Still somebody has to be at the tail of the field in all the statistics which are so vital for Tour records these days.
Aaron Baddeley (Credit: Anthony Powter)
And there are some incredibly impressive names among these records in the past year with Aaron Baddeley up there beside major winners like David Toms, Lucas Glover as well as well-known players like Heath Slocum and Charlie Beljan.
Long-hitters draw massive crowds on the US Tour and Dustin Johnson tops that table as the biggest bomber on tour, averaging 317.7 yards (290.5m) per drive for 2014-15.
At the other end of that table lies former US PGA champion David Toms with the dubious honour of being the shortest hitter on tour at 270 yards (246m), just ahead of the second-shortest hitter Ben Crane, who was a full yard better than Toms.
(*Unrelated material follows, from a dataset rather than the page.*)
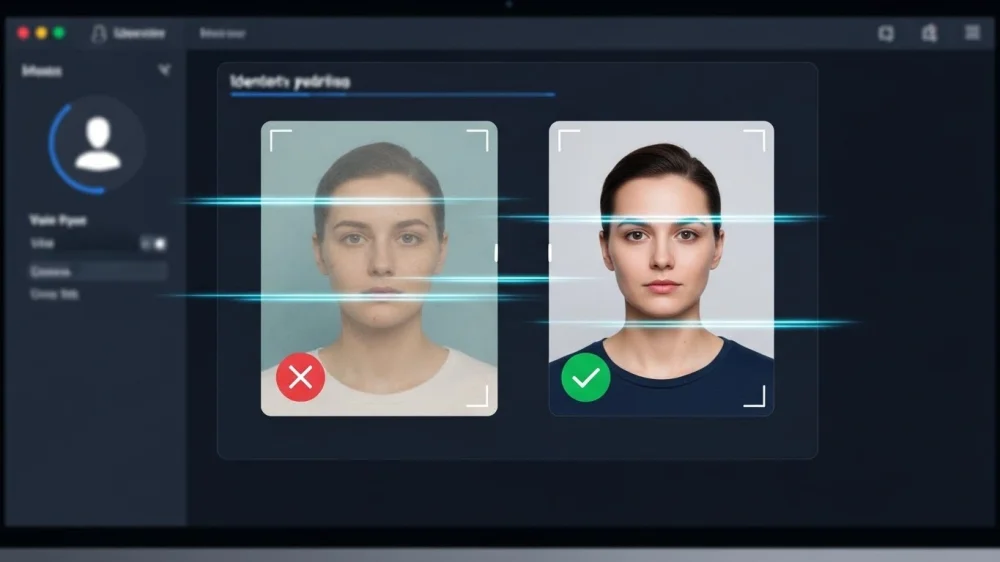 Eski fotografi yeni kimlikte kullanma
While Italian Francesco Molinari is regarded as the “king” of driving accuracy, hitting more fairways than anyone, at the other end of that scale is our own Aaron Baddeley who actually led the tour in strokes gained: putting but was listed as its least-accurate driver, hitting a mere 50.29 per cent of fairways in 2014-15.
While Swede Henrik Stenson led the PGA Tour in greens in regulation at 73.52 per cent, the man regarded as the best scrambler on tour at 66.18 per cent was Chad Collins while Charlie Beljan is way, way back at the bottom on 60 per cent.
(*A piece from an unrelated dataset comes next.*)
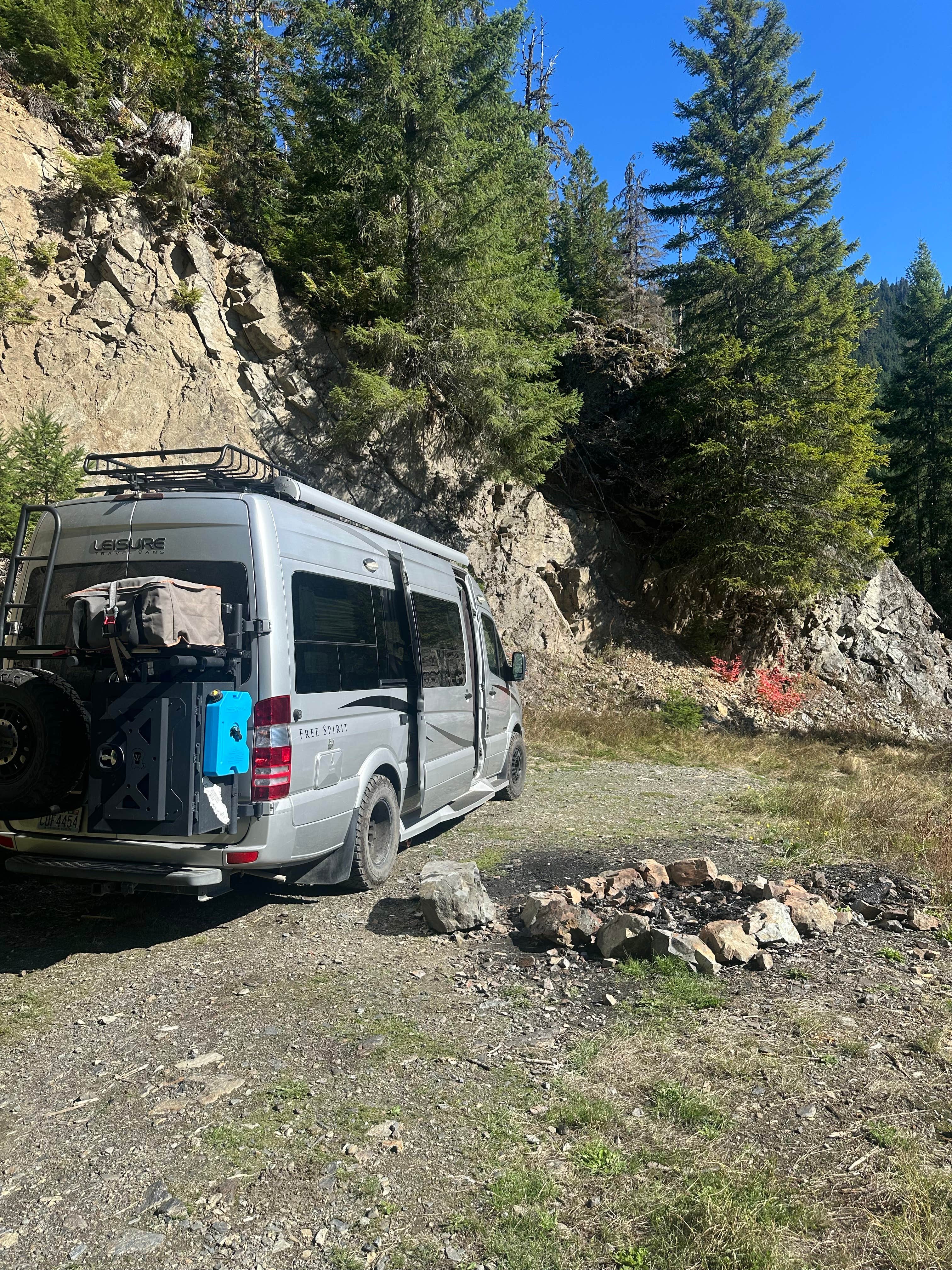 Camper-submitted photo at US Highway 2 - Skykomish Area east to Stevens Pass near Mukilteo, WA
Former US Open champion Lucas Glover is regarded as one of the Tour’s worst putters, losing 1.352 strokes to the field per round for the 2014-2015 season, just ahead of Jim Renner.
Yet Glover was able to tally six top-25 finishes for the season.
It’s probably to be expected that the two best scoring averages on the PGA Tour were Jordan Spieth (68.93 strokes per round) and Jason Day (69.16).
The worst was Canadian Roger Sloan who averaged 72.53 in the 56 rounds while Heath Slocum lost an average of 1.755 strokes to the field when he teed it up.
It’s probably a tribute to their guts and determination that some of these guys can ever contend in any events – let alone win while carrying the tag of “worst on tour” in any category.